▶ _WHAT TO WORK ON_
Go through each line of the entries below and tally those containing the string "Travel"; give only the total.

Collected data entries:

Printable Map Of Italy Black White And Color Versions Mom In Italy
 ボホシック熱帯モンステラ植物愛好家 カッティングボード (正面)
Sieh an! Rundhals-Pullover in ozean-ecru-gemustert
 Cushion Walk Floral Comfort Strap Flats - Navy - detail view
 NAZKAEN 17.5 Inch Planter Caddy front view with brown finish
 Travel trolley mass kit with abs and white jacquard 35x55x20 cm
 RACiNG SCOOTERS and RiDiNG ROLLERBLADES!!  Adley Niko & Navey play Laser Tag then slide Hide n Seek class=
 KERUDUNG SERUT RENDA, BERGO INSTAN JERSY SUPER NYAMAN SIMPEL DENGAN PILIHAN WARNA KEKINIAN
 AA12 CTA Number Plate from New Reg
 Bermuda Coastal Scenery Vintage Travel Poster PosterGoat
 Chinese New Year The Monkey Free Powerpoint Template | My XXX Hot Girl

▶ _YOUR SOLUTION_
2